Evolutionary neural network (ENN) shows high performance in function optimization and in finding approximately global optima from searching large and complex spaces. It is one of the most efficient and adaptive optimization techniques used widely to provide candidate solutions that lead to the fitness of the problem. ENN has the extraordinary ability to search the global and learning the approximate optimal solution regardless of the gradient information of the error functions. However, ENN requires high computation and processing which requires parallel processing platforms such as field programmable gate arrays (FPGAs) and graphic processing units (GPUs) to achieve a good performance.

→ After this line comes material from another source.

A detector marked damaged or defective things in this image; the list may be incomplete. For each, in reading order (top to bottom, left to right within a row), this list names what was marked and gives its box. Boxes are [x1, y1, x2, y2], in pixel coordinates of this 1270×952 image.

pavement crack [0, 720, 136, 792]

This work involves different new implementations of ENN by exploring and adopting different techniques and opportunities for parallel processing. Different versions of ENN algorithm have also been implemented and parallelized on FPGAs platform for low latency by exploiting the parallelism and pipelining approaches. Real data form mass spectrometry data (MSD) application was tested to examine and verify our implementations. This is a very important and extensive computation application which needs to search and find the optimal features (peaks) in MSD in order to distinguish cancer patients from control patients. ENN algorithm is also implemented and parallelized on single core and GPU platforms for comparison purposes. The computation time of our optimized algorithm on FPGA and GPU has been improved by a factor of 6.75 and 6, respectively.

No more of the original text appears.